Çöldeki çadırlar, genelde doğa ile uyumlu yerlere kurulur. Akarsu taşkınlarının yaşanacağı, rüzgâr gibi afetlerin olacağı ortamlarda çadır kurulmaz. Belirli bir ortamda çadır sayısı çok fazla olmaz. Geçici olarak çadırda yaşıyorsan, kendilerine siyasi bir birlik kurmak da doğru olmaz.
Kuru bir toprak, doğa ile sıcak bir ilişki. Aralarında dost bir yaşantı ve doğal prensiplere karşı olmayan bir yaşam biçimi. Vurmak, kırmak veya savaşmak çadır insanlarının düşünmediği konulardır. Bu insanlar, menfaat nedir bilmezler. “Az olsun benim olsun” felsefesine sahip değildirler.
Eskimolar, Avrupalıyla karşılaştıklarında, toprak için yaptıkları kavgayı bir türlü anlamamaktadırlar. Birbirlerini öldürmelerine şaşırmaktadırlar. Bölgelerinde topraklarının buz ile kaplı olmalarından memnundurlar. Toprakları kullanılmasın ararlar.
Çölde insanlar, ava gider avladıkları hayvanı birlikte temizler ve hep beraber yerler. Artan etler yine uygun yere saklanır. Tamamen adil ve insancıl bir bölüşme hâkimdir. Böylece örf ve adetlerini sürdürürler. Diğer kabilelerle iş birliği ve av ile ilgili alışveriş değişimini gerçekleştirirler. Yabani yırtıcılara tuzak kurmak, avlama konusunda beraber hayvanlarının sahasına giderler.
Çadır hayatı iptidai bir hayattır. Fakat yaşayanlar için normaldir. Çünkü daha iyisini bilmezler. Birbirlerine üstünlük kurmazlar. Bildikleri çadır hayatlarının ne azı ne de çoğu diye bir kavramları olmuştur. Hiçbir şekilde güç gösterisinde bulunmazlar. Güç bende diye bir anlayışları yoktur.
Siyasi bir birlik kurmak gibi de düşünceleri hiç olmamıştır. Silah diye zehirli okları vardır. Bu oklar hayvanın vücuduna isabet ettiği zaman, hayvan bayılır ve onu yakalarlar. Oklarına yaptıkları zehri de bitki yapraklarından elde ederler.

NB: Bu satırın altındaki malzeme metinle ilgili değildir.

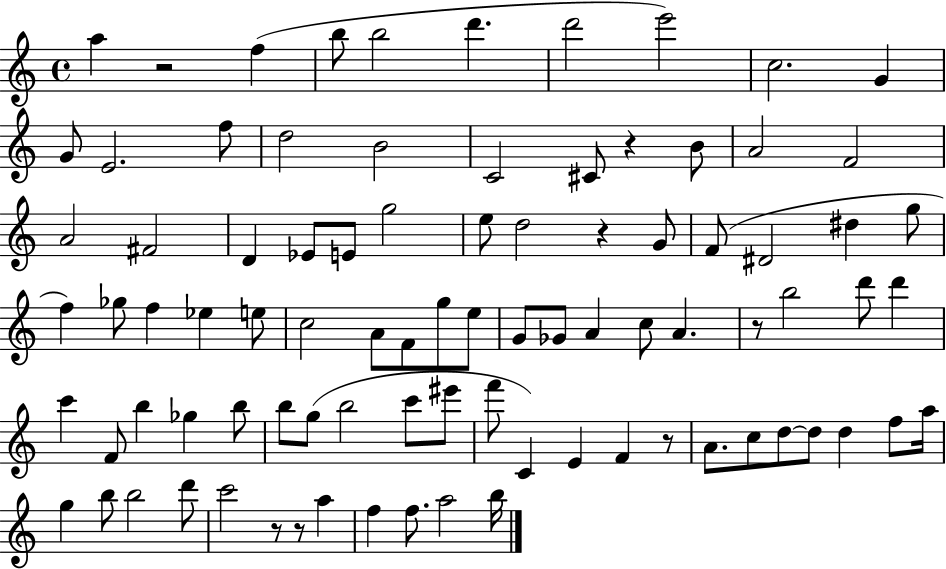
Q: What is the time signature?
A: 4/4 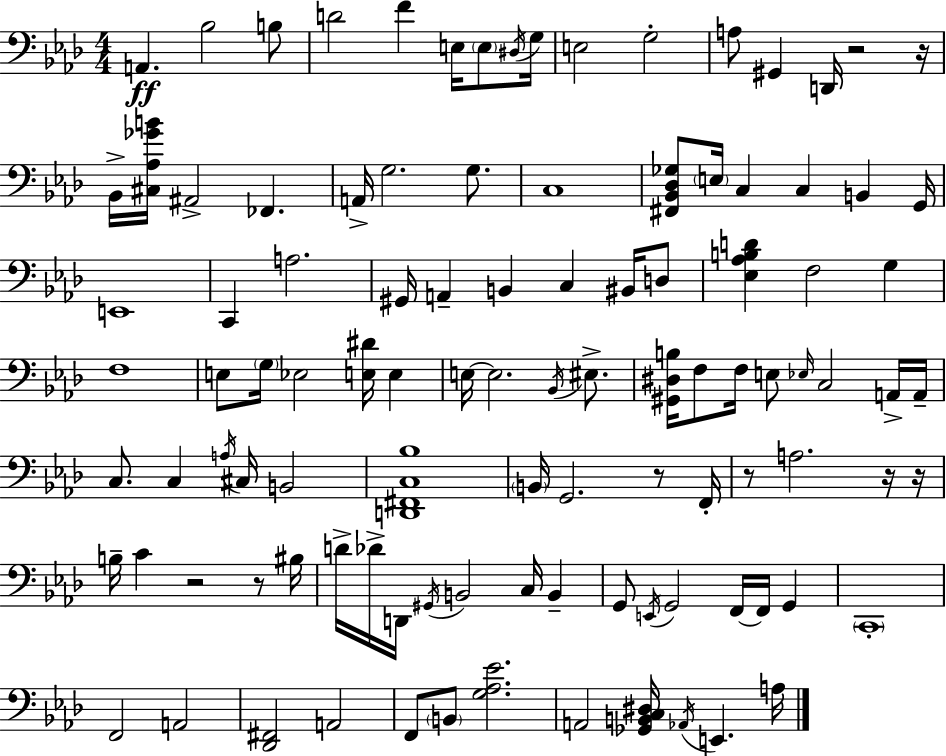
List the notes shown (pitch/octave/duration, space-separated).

A2/q. Bb3/h B3/e D4/h F4/q E3/s E3/e D#3/s G3/s E3/h G3/h A3/e G#2/q D2/s R/h R/s Bb2/s [C#3,Ab3,Gb4,B4]/s A#2/h FES2/q. A2/s G3/h. G3/e. C3/w [F#2,Bb2,Db3,Gb3]/e E3/s C3/q C3/q B2/q G2/s E2/w C2/q A3/h. G#2/s A2/q B2/q C3/q BIS2/s D3/e [Eb3,Ab3,B3,D4]/q F3/h G3/q F3/w E3/e G3/s Eb3/h [E3,D#4]/s E3/q E3/s E3/h. Bb2/s EIS3/e. [G#2,D#3,B3]/s F3/e F3/s E3/e Eb3/s C3/h A2/s A2/s C3/e. C3/q A3/s C#3/s B2/h [D2,F#2,C3,Bb3]/w B2/s G2/h. R/e F2/s R/e A3/h. R/s R/s B3/s C4/q R/h R/e BIS3/s D4/s Db4/s D2/s G#2/s B2/h C3/s B2/q G2/e E2/s G2/h F2/s F2/s G2/q C2/w F2/h A2/h [Db2,F#2]/h A2/h F2/e B2/e [G3,Ab3,Eb4]/h. A2/h [Gb2,B2,C3,D#3]/s Ab2/s E2/q. A3/s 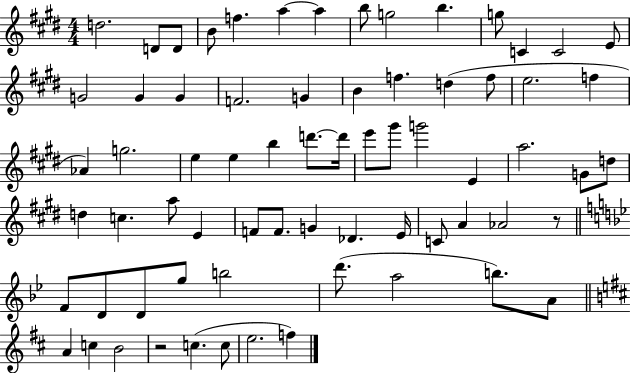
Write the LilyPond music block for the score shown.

{
  \clef treble
  \numericTimeSignature
  \time 4/4
  \key e \major
  \repeat volta 2 { d''2. d'8 d'8 | b'8 f''4. a''4~~ a''4 | b''8 g''2 b''4. | g''8 c'4 c'2 e'8 | \break g'2 g'4 g'4 | f'2. g'4 | b'4 f''4. d''4( f''8 | e''2. f''4 | \break aes'4) g''2. | e''4 e''4 b''4 d'''8.~~ d'''16 | e'''8 gis'''8 g'''2 e'4 | a''2. g'8 d''8 | \break d''4 c''4. a''8 e'4 | f'8 f'8. g'4 des'4. e'16 | c'8 a'4 aes'2 r8 | \bar "||" \break \key g \minor f'8 d'8 d'8 g''8 b''2 | d'''8.( a''2 b''8.) a'8 | \bar "||" \break \key b \minor a'4 c''4 b'2 | r2 c''4.( c''8 | e''2. f''4) | } \bar "|."
} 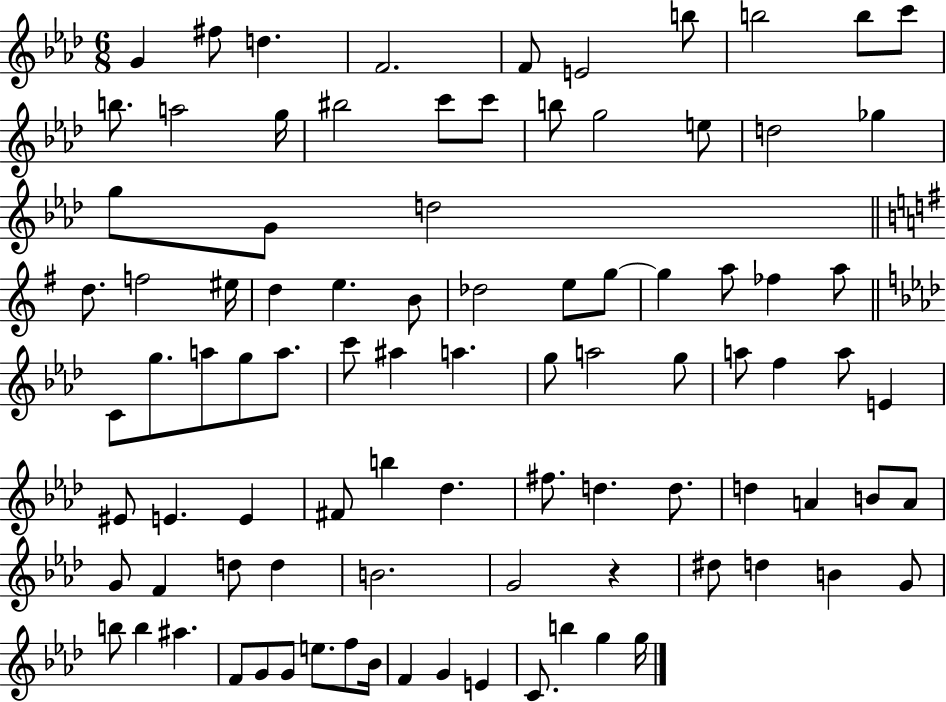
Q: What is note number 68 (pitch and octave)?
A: D5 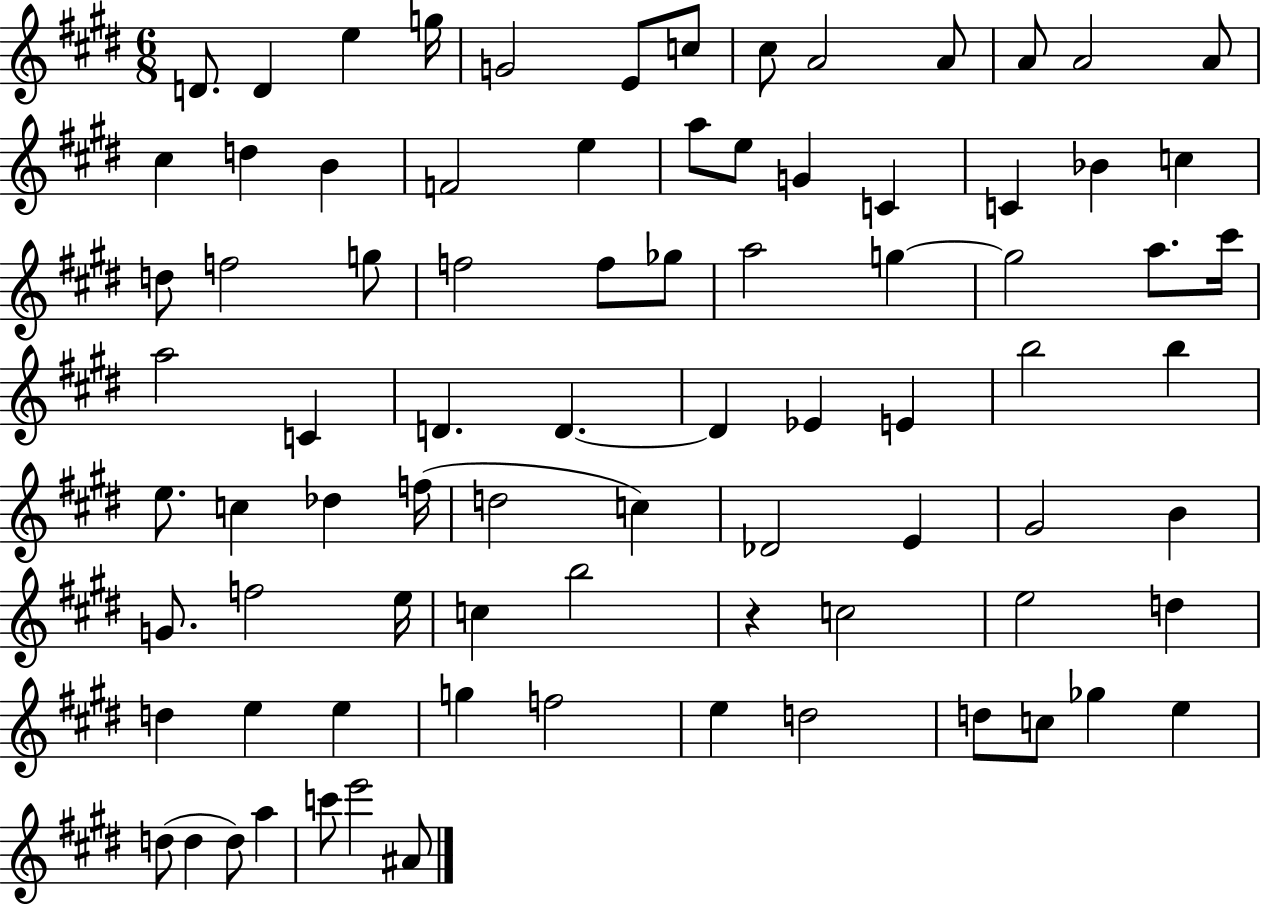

Düğünlerinde geleneksel halk danslarını gösterirler. Genelde şaman inancına uygun dansları vardır. Ayrıca önemli günlerde de eğlence düzenlerler. Eğlencelerinde av eti pişirirler. Beslenmeleri av etidir. Yabani meyvelerden yaptıkları suları içerler.
Farklı gruplarla kavga durumuna düşseler, gelenekleri bozulmuş demektir. Avrupalı bizi birbirimize düşürdü diye olayın farkına varırlar.
Birbirlerinden korunmak için, av sahalarını ayırırlar. Bahçenin bölünmesi gibi, bir olayla karşılaşırlar. Küçük klan isimleri alırlar ve hayatlarına devam ederler. Eğer korktukları başka kabileler varsa, onlar için, çadırlarını koruyan bekçiler tayin ederler. Ayrıca başkan seçerler. Başkanlar kabilenin en güçlüsüdür. Toplum başkana tabii olmuştur.
Bu kabilelerde ilk önceleri başkan, din adamları ve büyücüler olmuştur. Bunlar klanının mal varlığını korumakla görevlidir. Korumak, silah gücünü doğurmuştur. Bunun sonucunda savaşlar başlamış ve silah onların vazgeçilmezi durumuna gelmiştir.
Samimiyetsiz insanlar türemiş ve ahlaksızlık almış yürümüştür. Toplumun geleneksel yapısı bozulmuştur.
Çöl çadırları da dünyanın kötü gidişatından nasibini almıştır.